Key points in this article

  • Reconsider whether you should offer credit
  • Look at your payment terms again
  • Don’t be afraid to cut off credit

These seven steps can help strengthen your cash flow and eliminate debt problems before they occur.

1. Do you need to offer credit at all?

Depending on the type of business you run, you may be able to reduce the number of credit accounts you offer and if possible, avoid extending credit at all.

Getting payment at the point of sale improves your cash flow and eliminates the possibility of having to chase people for payment.

Accepting credit cards can be a straightforward way to offer your customers credit. You can accept card sales through your smartphone or tablet with the ANZ FastPay™ app.

Extending credit to customers can reduce your cash cycle – a key component of a successful business

2. Be careful who you extend credit to

If you're going to extend credit, your customers should complete a credit application.

Ask a supplier if you can use their form as a guide, or get a free sample from a local debt collection agency. Include your terms of trade and ask your lawyer and accountant to suggest improvements.

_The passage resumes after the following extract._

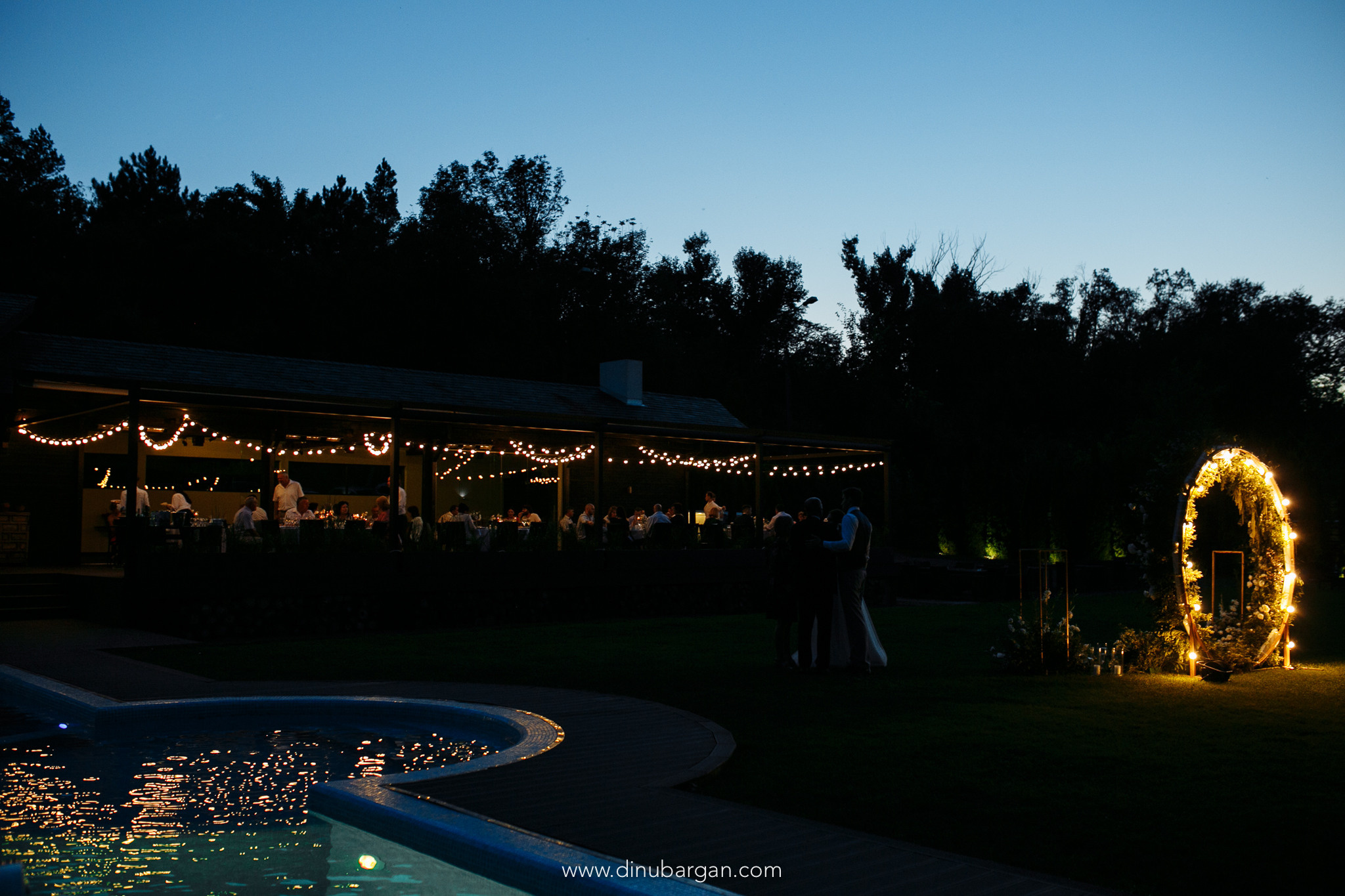 Dinu & Anastasia. Fotograf de nuntă și de familie — Dinu Bargan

Check credit referees to make sure the customer has paid promptly in the past. If the customer refuses any of your terms, it’s your business decision whether to take the risk of supplying on credit. If in any doubt, ask a credit agency for a credit check on a prospective customer.

3. Improve your invoicing

Customers won’t pay until they’ve been invoiced, so the sooner you invoice, the sooner you can get paid. A common mistake is to see the sale as everything and forget about invoicing until much later. There’s no reason to wait – invoice as soon as you've made the sale.

4. Revise your terms

There’s no need to stick to the tradition of ‘payment by the 20thof the month following invoice date.'

Changing your payment terms to 'payment within x days' may help improve cash flow.

Asking for ‘payment by the 20th of the month following invoice date’ also means it could be up to 50 days before you know there’s a problem. In the meantime, the customer may have bought more from you, adding to their debt.

Payment terms are linked to your cash cycle so be sure you’ve got them right for your business

5. Reconsider statements

Repeated end of month statements simply summarise what the customer owes. This extra administrative step costs time and money, so why not eliminate it by stating at the bottom of your invoices in bold: ‘Please pay on this invoice as no statement will be sent.'

Some customers – typically larger ones who receive multiple invoices from you – may try to insist on end of month statements, but most will happily pay against an invoice.

6. Don’t be afraid to cut off credit

Adopt a consistent policy of refusing to supply customers who are seriously overdue and who haven’t responded to your follow-up. Insist that the outstanding debt be settled first before you choose to supply more goods. 

Putting a black and white policy in place will be best for your business in the long term

7. Minimise your risk by avoiding these traps

Beware of large orders 

If you commit significant resources to fulfilling a large order and payment is delayed, your business may be at substantial risk. Ensure you’ve carried out credit checks and received guarantees. If possible ask for a deposit or arrange for progress payments – this will improve cash flow and reduce your exposure.

Danger of the single customer

If your business is dependent on very few customers, make customer diversification a top priority. It’s much better to spread your risk over ten smaller ones than being reliant on just one large customer.